Once upon a time Ruger’s CEO Mike Fifer and a handful of his employees attended a long-range precision rifle school at FTW Ranch in Texas and came away from the experience determined to invent a better mousetrap – in this case a better precision rifle. A team of five design and production engineers was assembled at Ruger and they spent the next year sitting around the same table with their computers and a blank piece of paper then returned to FTW after the NRA annual meeting with a handful of writers to introduce their new rifle, the Ruger Precision Rifle (RPR).
Before we get into details of this new rifle, let me tell you about FTW. Located on 12,000 acres within 27 miles of fencing in the Texas hill country, FTW is an exotic game ranch as well as a hunter training school devoted to teaching hunters to humanely harvest game by giving them the skills to make precision hits under field conditions. In addition, FTW teaches long-range precision rifle shooting for civilian, police and military riflemen and it is the prefect place to test a new rifle. Set up like a safari camp, FTW has a lodge with a fantastic variety of game mounts covering the walls all the way up to the high ceilings, gun cabinets lining the walls, a very well stocked bar, a dining room serving gourmet meals, a classroom and about a dozen guest cabins. And ranges – let me tell you about the ranges – I’ve never seen anything quite like the ranges at FTW. Only steps from the lodge there are known distance ranges for zeroing as well as charging elephant and buffalo simulators for the hunters. The only drawback to these ranges are the occasional pauses in shooting necessitated when a flock of wild turkeys or some exotic horned critter from India or Africa meanders through without a care in the world. There are covered ranges and shooting positions scattered all over the ranch, most of them on ridges overlooking deep valleys and all with steel targets set at distances from several hundred yards to way out there. You get around in Jeeps driven by the instructors/guides and some serious four wheeling is needed to get to some of the shooting spots. Reinforcing the safari camp theme of the place, you are awakened in the morning by a gentle knocking on the cabin door whereupon you are presented with a cup of made-to-order coffee. The staff, instructors, facilities, ranges and atmosphere at FTW are world class in every way.
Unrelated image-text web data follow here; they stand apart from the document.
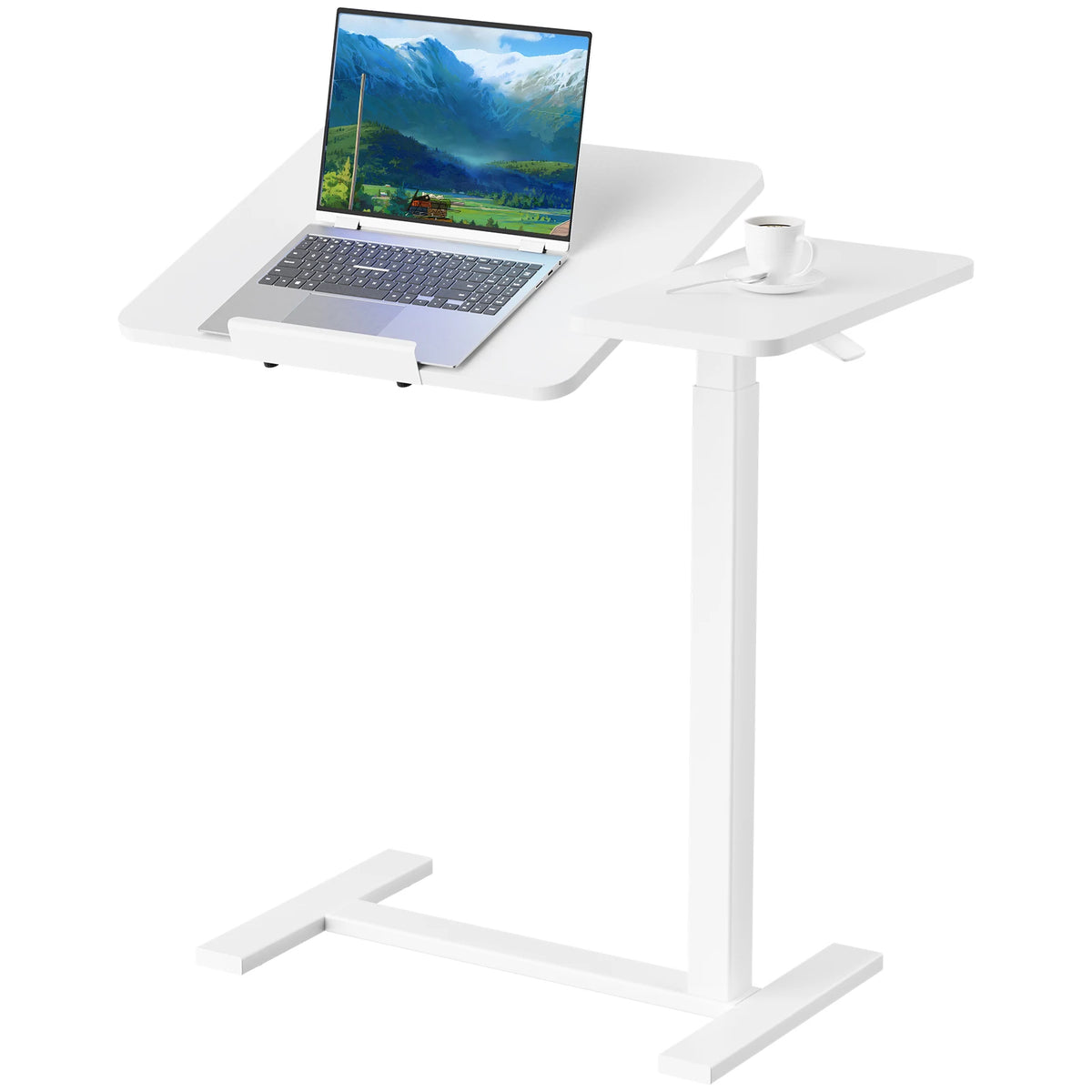 JHK Adjustable Overbed Lap Desk With Tilting Top for Bedroom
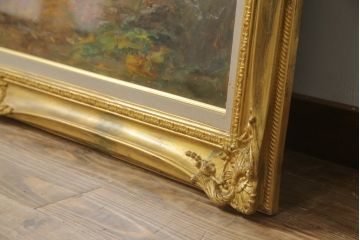 真作　五月女政平　「錦繍　塩原」(小太郎ヶ渕)　50F(50号)　サイン入り　絵画(塩原渓谷、油絵、油彩、風景画、額装、共シール、共箱付き)(R-077250)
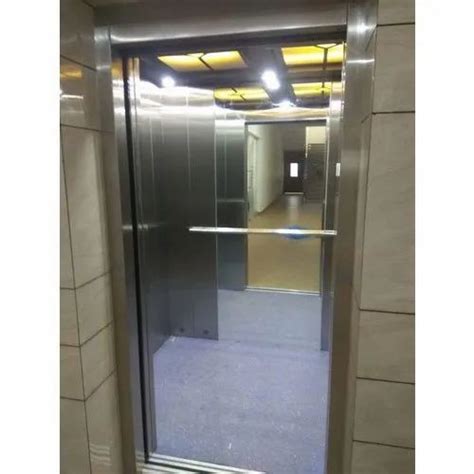 With Machine Room Glass Stainless Steel Passenger Lift At Rs 800000 In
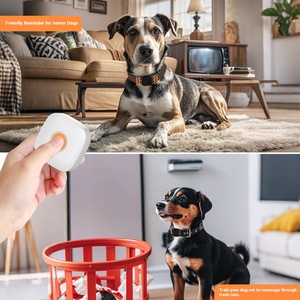 2025 Mini Control remoto interactivo recargable E-<span class=keywords><strong>Collar</strong></span> entrenamiento de perros IP67 plástico impermeable recordatorios de vibración sin golpes para - Product Image 5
So FTW was the inspiration for Ruger’s new rifle, and what a rifle it is. At first glance you might think the RPR is an AR platform rifle converted to bolt action but you would be wrong. What you might think is the lower receiver is actually composed of two halves made of 7075-T6 hard-coat anodized aluminum bolted together with the purpose of holding the trigger and a variety of detachable box magazines. The actual serial numbered part is the CNC machined pre-hardened 4140 chrome/moly steel alloy upper receiver containing a bolt based upon the one used in the Ruger American Rifle. The oversize bolt handle is threaded for easy removal or replacement and can be used as a driver handle for hex drive bits. The cold hammer forged medium contour 4140 chrome/moly barrel is attached to the upper in the same fashion as an AR barrel and can be removed or changed with the same tools. The barrel is rifled with Ruger 5R rifling with minimum bore and groove dimensions, minimum headspace and a centralized chamber – all to promote accuracy – and is threaded with 5/8-24 threads to accept muzzle brakes and suppressors. The barrel on my rifle measures 24 inches.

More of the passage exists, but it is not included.